The Hidden Hazards of Coal Development in Alaska: Public Health and Coal Combustion Waste

August 11, 2010 @ 10:00am (AKDT)


Coal combustion waste, or coal ash, is the material that remains after coal is burned. Coal ash may contain heavy metals, radioactive elements, polycyclic aromatic hydrocarbons (PAHs) and particulate matter, all of which contribute to public health and environmental problems. Alaska currently has six coal-fired power plants, all located between Healy and Fairbanks in Alaska’s Interior. Coal ash from these facilities is used as fill in local areas, including public spaces, university grounds and residential neighborhoods, which may pose a health hazard to nearby communities. Improper disposal of this waste in holding ponds or landfill sites may also result in hazardous exposures.
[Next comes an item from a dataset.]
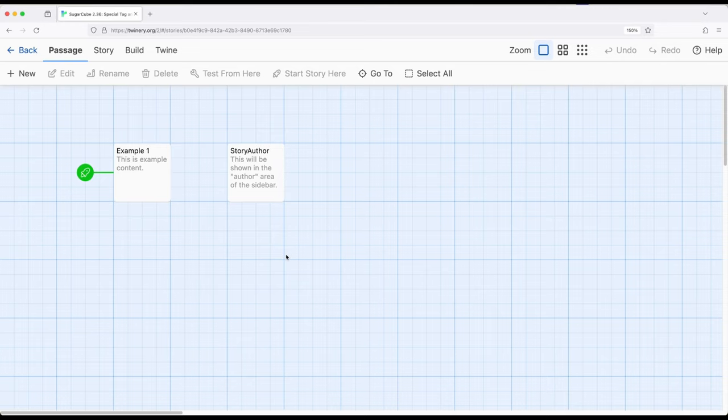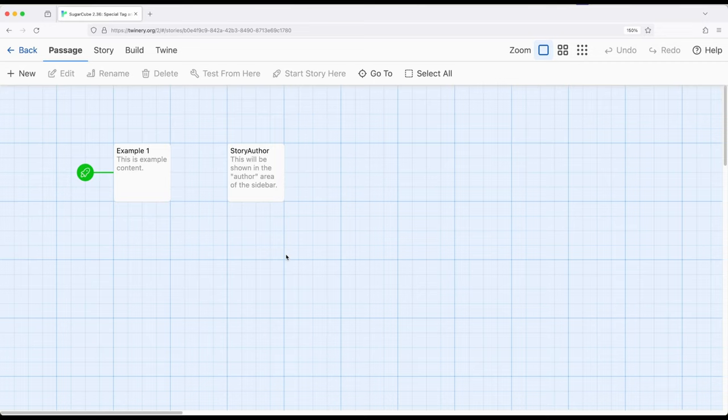In Twine 1, if we wanted to give an author or give a little more information about who created the story, we would use a special passage called StoryAuthor, capital S, capital A. Sugarcube 2.36 in Twine 2 carries that over.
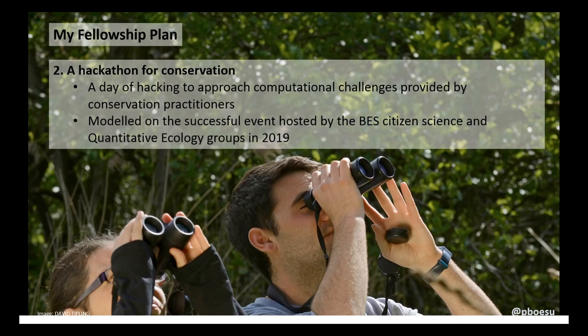I thoroughly enjoyed participating in the citizen science hackathon organised by the British Ecological Society earlier this year, and I believe organising a hackathon for conservation science would form a great final activity during my fellowship.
CHE-Alaska hosted a discussion of the dangerous chemicals in coal ash, how these chemicals may affect our health, air, water and food, and how you can help to protect Alaskans from the health hazards of coal ash.

Featured speakers

Barb Gottlieb, Deputy Director, Environment & Health, Physicians for Social Responsibility

Lisa N. Widawsky, Attorney, Environmental Integrity Project

Russ Maddox, Board member of Resurrection Bay Conservation Alliance and Executive Committee member of the Alaska Chapter of the Sierra Club.